It’s been a crazy week. Police officers shot two black men, Alton Sterling and Philando Castile, dead within 36 hours of each other. This immediately ignited an uproar against police in which they were widely condemned across social media. Later the same day, a sniper ambushed white police officers in Dallas, Texas, killing five and injuring seven others with a semi-automatic weapon. He said he wanted to kill white officers, referencing the Black Lives Matter movement.
Regardless of the facts behind the cases of black men killed by police that have been in the media in recent years, we don’t have a police problem. We have a problem with racism in the USA. I do not deny that there are racist police officers who treat black people differently than they do white people, sometimes killing them when it was unwarranted. But there are racist people in every profession and we don’t call racism a systemic problem in other professions.
We lack reliable data on how many black people are killed by white police officers in the USA. Whatever the number is, many of them are warranted because they occur during the commission of a crime while the officer is performing his or her duty according to standard procedures. But we can be confident that there are more black people murdered by white people who are not police officers than are murdered by white police officers. That means we have a racism problem in the USA that goes beyond police work.

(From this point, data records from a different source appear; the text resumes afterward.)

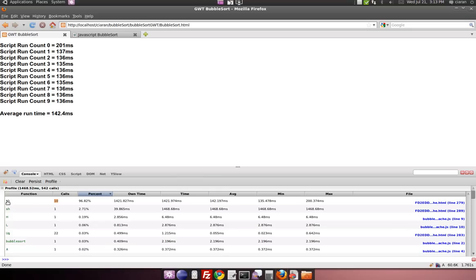it's run 10 times here, this method. So that is the sorting method. And there are the results there, you can see yourself.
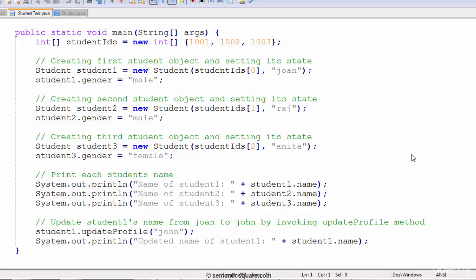Let's do a short demo of both comparison and logical operators. Among comparison operators, we are going to test equality and not equality of object references — the equal to and not equal to operators. The rest, like greater than, less than and other variants, are straightforward, so let's not worry about them for now. Next, we will generate a null pointer exception, and then try to avoid it using the logical AND operator. We will also test logical OR. For this demo, we will use the student example code written in the last chapter.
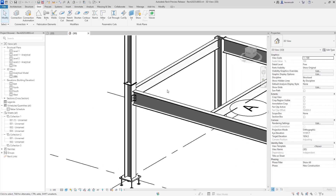Looking ahead into the future of Revit, I think we'll see the steel detailing being expanded a lot more. Since Advanced Steel has been retired, we'll start to see more and more features being applied to Revit itself. Thanks for watching and look forward to seeing you in the next video.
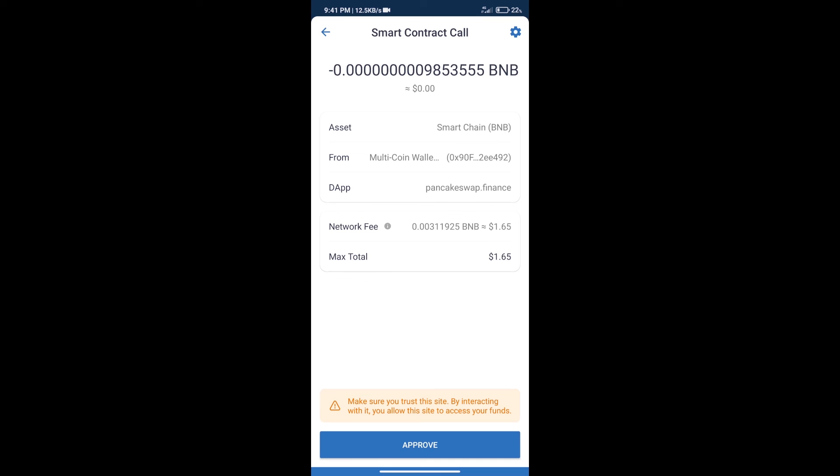After that, we will click on Approve, and finally we will get this token successfully. So guys, I have only shared the technical process, not financial advice. Invest in cryptocurrency at your own risk, and please check everything before investing. Thanks for watching.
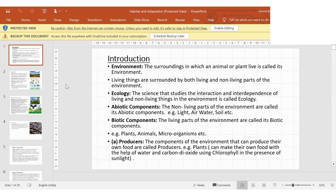Now tell me some living things around you. Me — good. My sister — okay. Except from human beings? My pet fish — good. Any plant in your house? My sister's money tree — yes. So these are the living beings. Everything around us is the environment, either living or non-living.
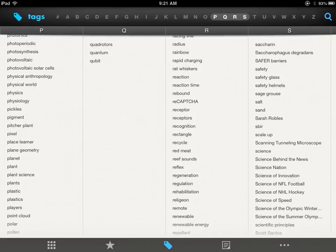I've noticed that my students in their free time enjoy things like the science of NFL football and NHL hockey.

Our police officers perform a critical role in our society. They bravely do their duty under the most dangerous circumstances, literally putting their lives on the blue line every day to protect the safety of all the people in their communities. The vast majority of police officers do their jobs with patience and restraint regardless of the color of the people they encounter. If you think racial violence is bad in the USA now, imagine how much worse it would be if there were no police forces enforcing the law.

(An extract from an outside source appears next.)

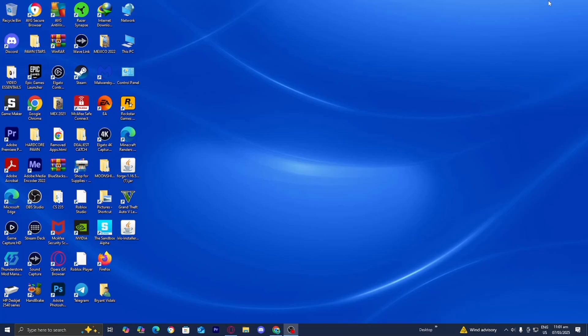In this video I'm going to show you how to download VMware Workstation Pro for free. This will allow you to run multiple operating systems on your device.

Unfortunately, calling all police officers racist only exacerbates the racial division among Americans. We need to bring Americans together to fight racism across our society. Yes, that includes fighting racism in police work. But it also includes fighting racism in our schools, in voting, in housing, in government, in religion, and in all work places. Stop pointing the finger of blame for racism at police or gangs or other sectors and recognize that it is prevalent throughout America and needs to be addressed societally. Until we do so, we won’t be able to fight what racism there is in police work effectively.